Ci mlodzi lekarze zachowuja sie bardziej jak mlodzi studenci, ktorzy po prostu nie potrafia sie zachowac.
Wiekszosc bohaterow jest denerwujaca, zwlaszcza czarni doktorzy, Alex i Cristina. Nie rozumiem co jest atrakcyjnego w zdaniu "nie nawidze Cie i to sie nie zmieni". Swiadczy to raczej o tym, ze ci chirurdzy sa conajmniej niedojrzali.
Glowna bohaterka wydaje sie byc calkiem spoko, ale czasem dziwnie sie zachowuje. (impuls w windzie, podlizywanie sie szefowej)
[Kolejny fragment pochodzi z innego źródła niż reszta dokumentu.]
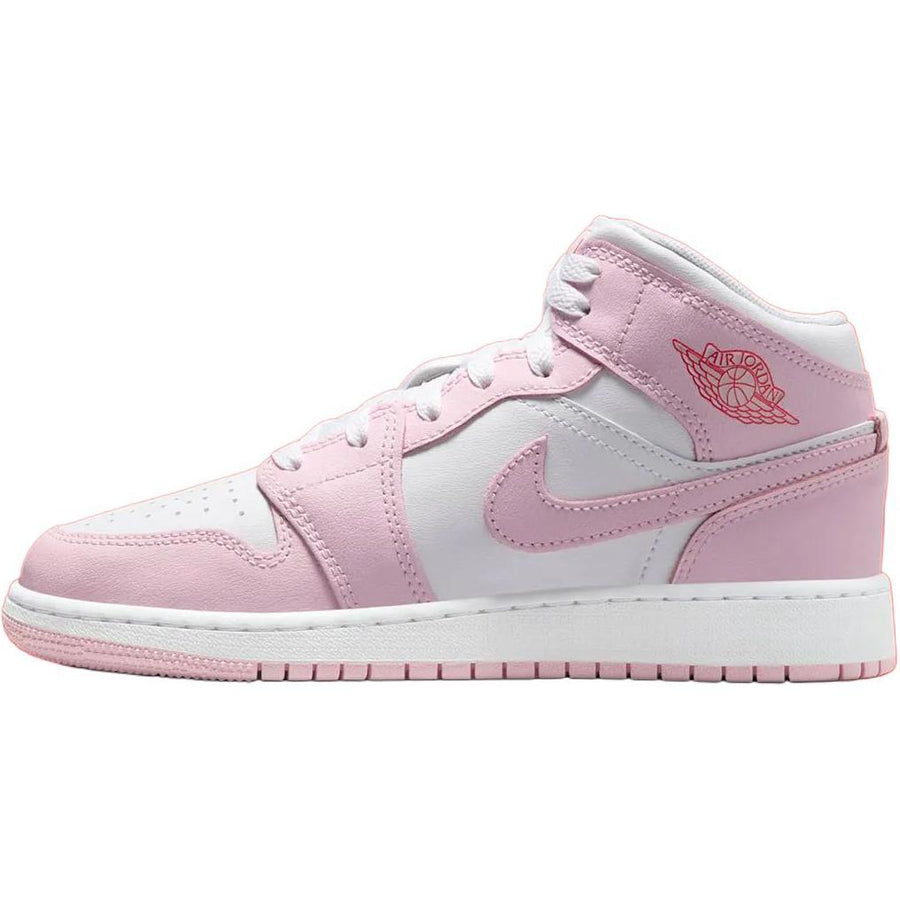 エアジョーダン1 Nike GS Air Jordan 1 Mid "Pink Foam/Fire Red/White" DQ8423-608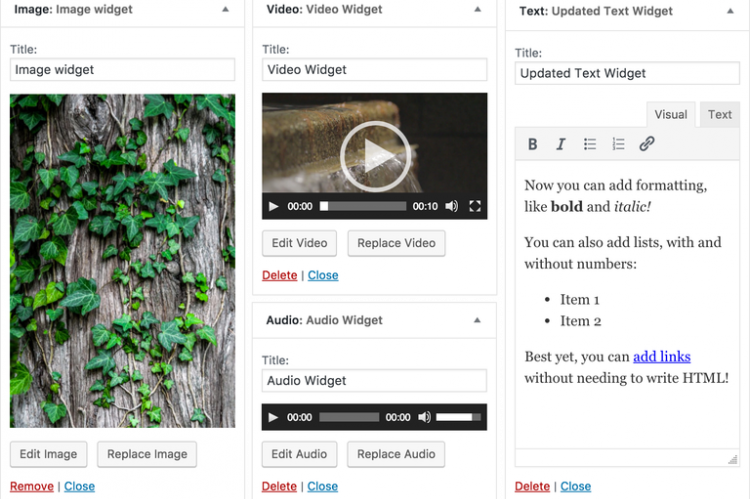 Screenshot of new WordPress 4.8 widgets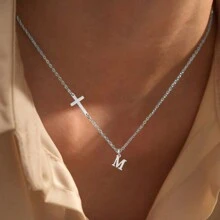 1pc Simple Silver Color Cross Initial Pendant Stainless Steel Chain Necklace For Women - Silver - View 1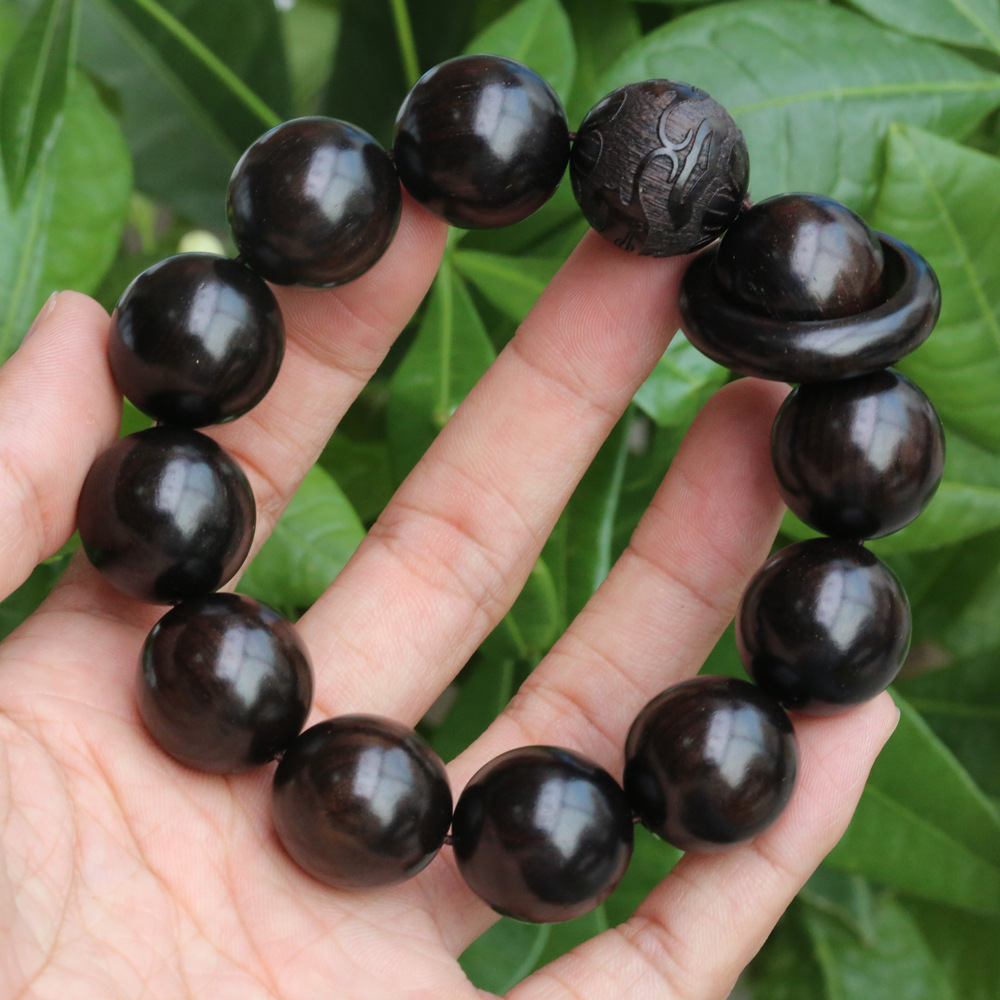 黑檀佛珠手链 佛珠批发 18mm 20mm 跑环手串 男士手链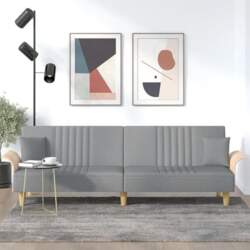 Sofa Bed with Armrests, Light Grey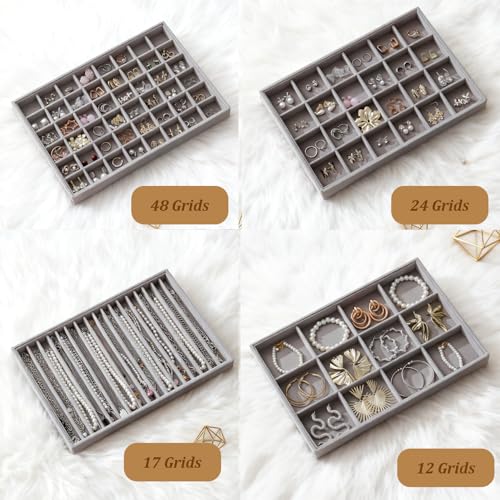 Large Jewelry Drawer Organizer Trays Set of 4, Stackable Velvet Jewelry Trays Organizer Holder Display Storage Showcase for Earring Necklace Bracelet Ring Accessary (Gray, 12+17+24+48 Grids) - color: Gray, size: 12+17+24+48 Grids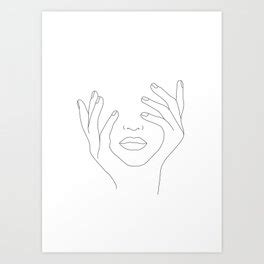 Modern minimalist female line drawing, flowers woman print, woman with flower head print, minimal line drawing woman, wall art sketch. Kunstdrucke | Society6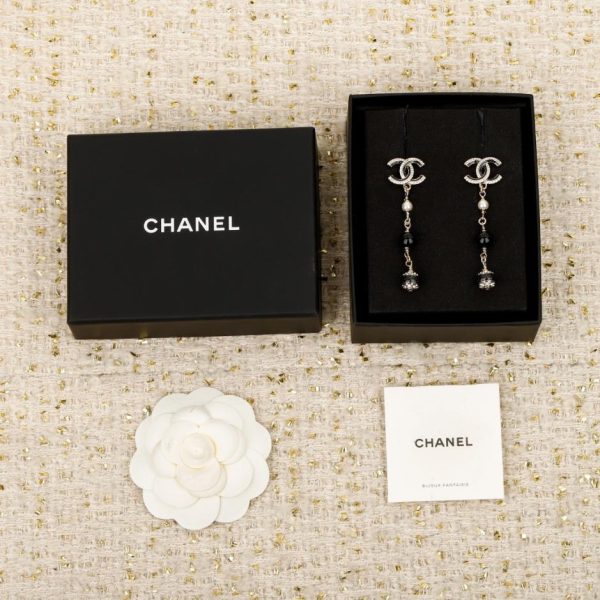 Contatore / 【Orecchini a bottone Chanel in smalto nero e rosa】(FSZ09)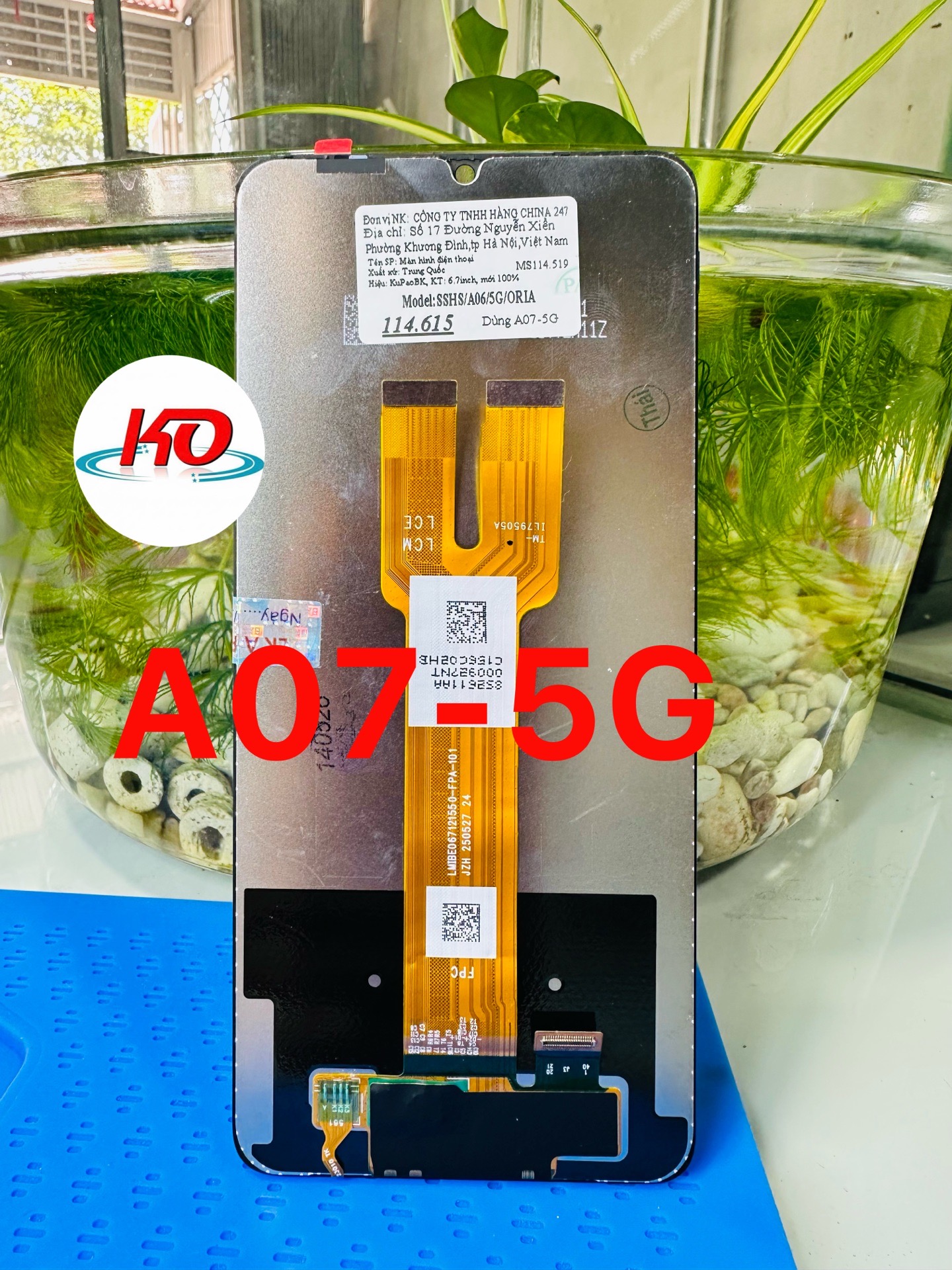 Linh kiện điện thoại dùng thay thế sửa chữa:Màn hình điện thoại(mô-đun màn hình dẹt),có mạch cảm ứng,loại màu,bằng tinh thể lỏng,đã gắn cáp kết nối,KT: 6.7inch, hiệu KuPaoBK, model: SSHS/ A06/5G/ORIA, mới 100%-duoc-ban-tai-ĐIỆN THOẠI DI ĐỘNG KHA OANH
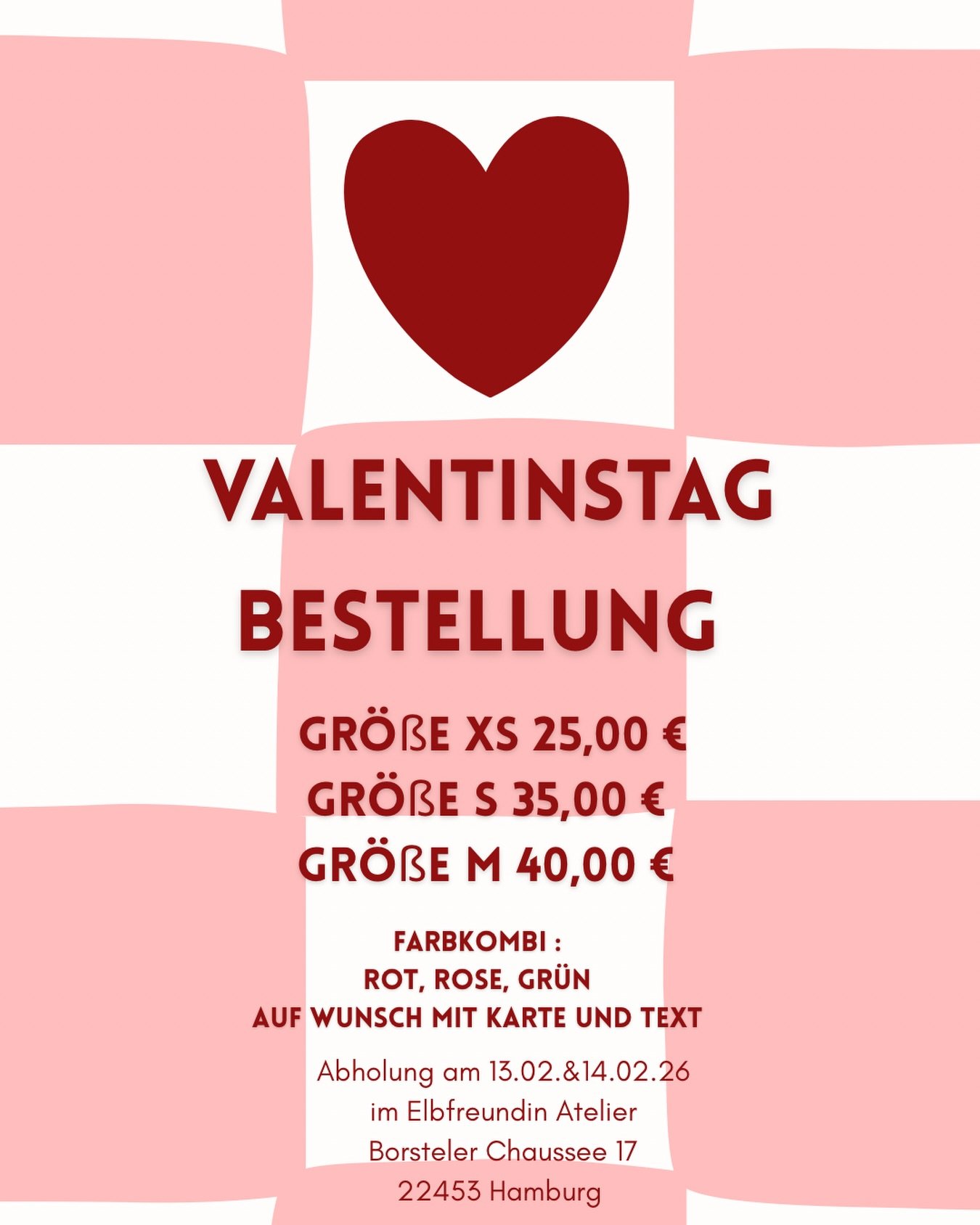 ❤️ Liebe verschenken zum Valentinstag ❤️ 
Bestelle jetzt deinen Strau&szlig; vor und lass die Bl&uuml;mchen sprechen. 
Individuelle W&uuml;nsche k&ouml;nnt ihr auch gern abgeben. 
Wir wollen Herzen h&ouml;her schlagen lassen. 
 
PS: gern weiter sagen
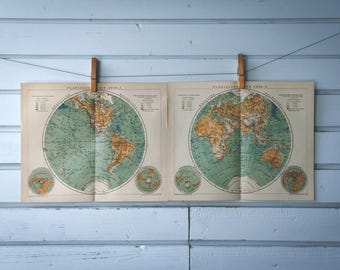 1894 Vintage World Hemispheres Map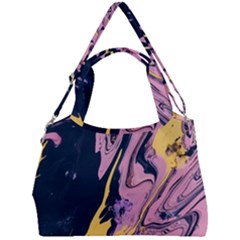 Pink Black And Yellow Abstract Painting Double Compartment Shoulder Bag by Jancukart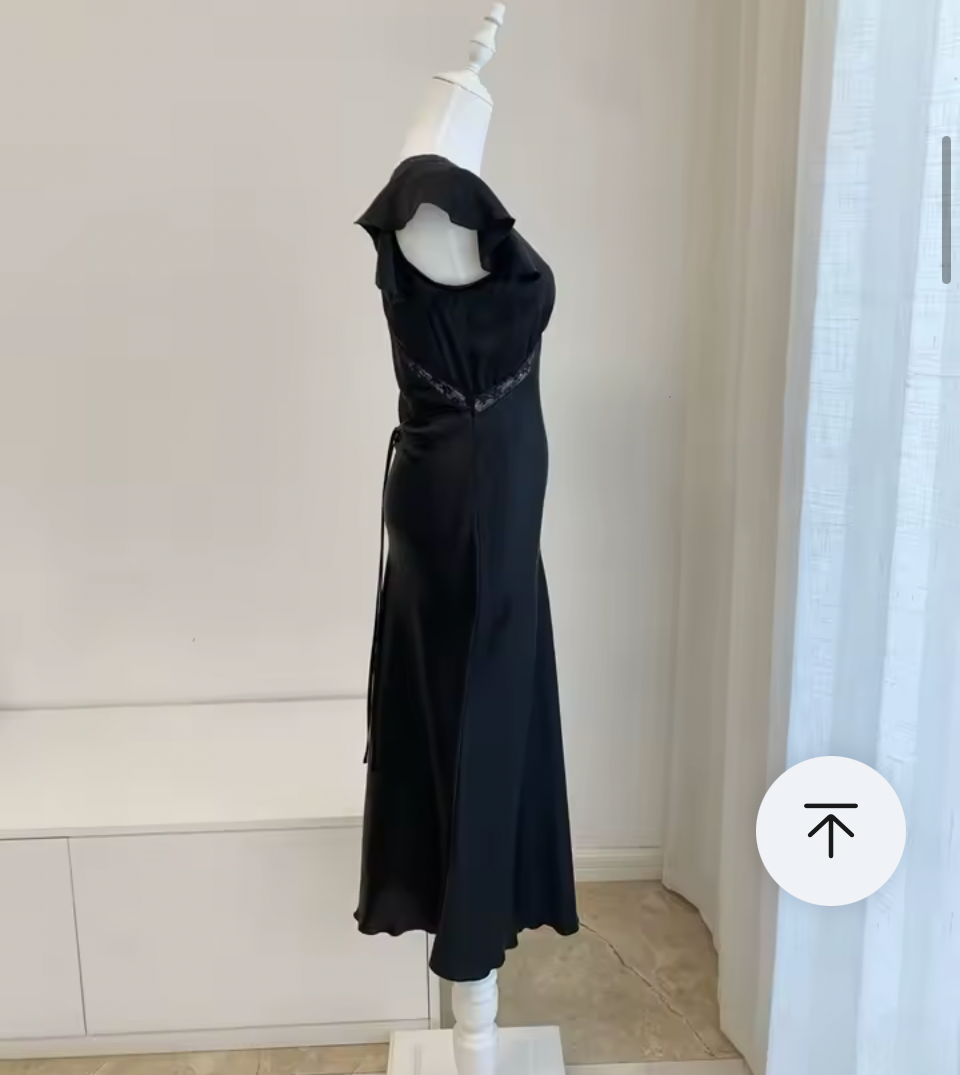 Silk V-Neck Bias Cut Midi Dress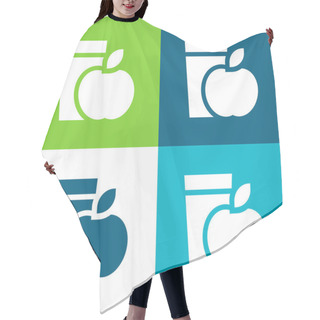 Personality  Breakfast Flat Four Color Minimal Icon Set Hair Cutting Cape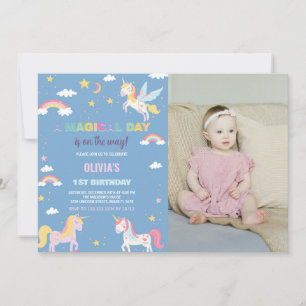 Colors Unicorns Geburtstagseinladungen mit Foto Einladung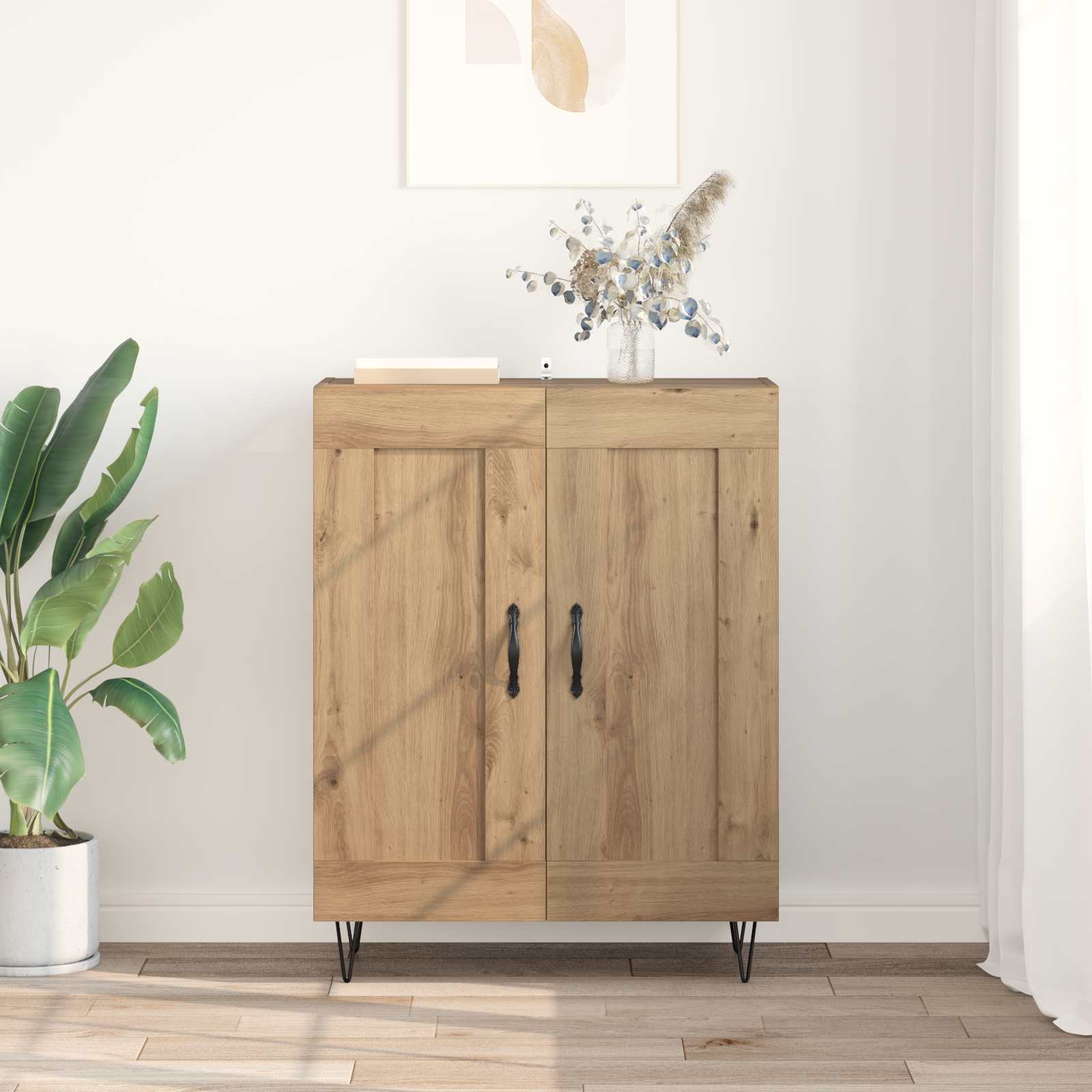 Sideboard Artisan-Eiche 69,5 x 34 x 90 cm Verbundholz und Eisen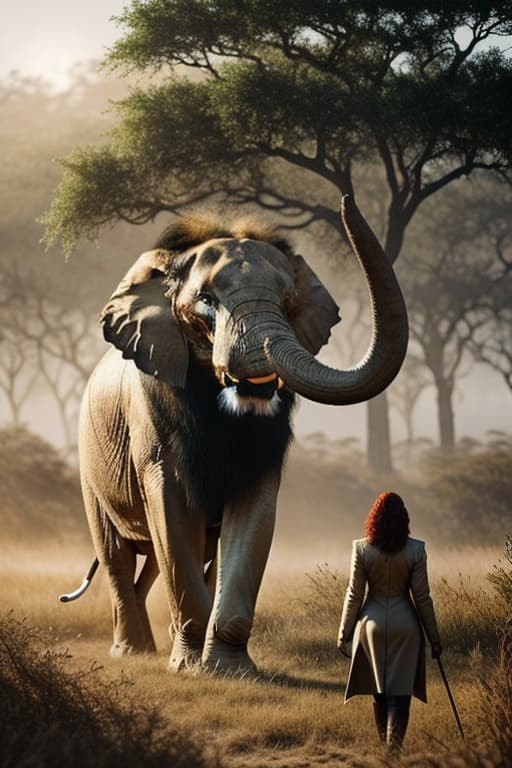  Lion and giant elephant in the savannah hyperrealistic, full body, detailed clothing, highly detailed, cinematic lighting, stunningly beautiful, intricate, sharp focus, f/1. 8, 85mm, (centered image composition), (professionally color graded), ((bright soft diffused light)), volumetric fog, trending on instagram, trending on tumblr, HDR 4K, 8K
Humor dosyc slaby, wolalabym cos powazniejszego.
Ale bywaly tez dobre momenty, np pokazanie licznych pomylek pokazanych przez studentow w ich pierwszych dniach pracy. Bylo to calkiem realistyczne.
Muzyka tez mi sie podoba, robi fajna atmosfere.
Oczywiscie wszystko co jedza w wolnym czasie musi byc niezdrowe. Ogladajac amerykanskie filmy i seriale dochodze do wniosku, ze im tam serwuja tylko chipsy i chamburgery.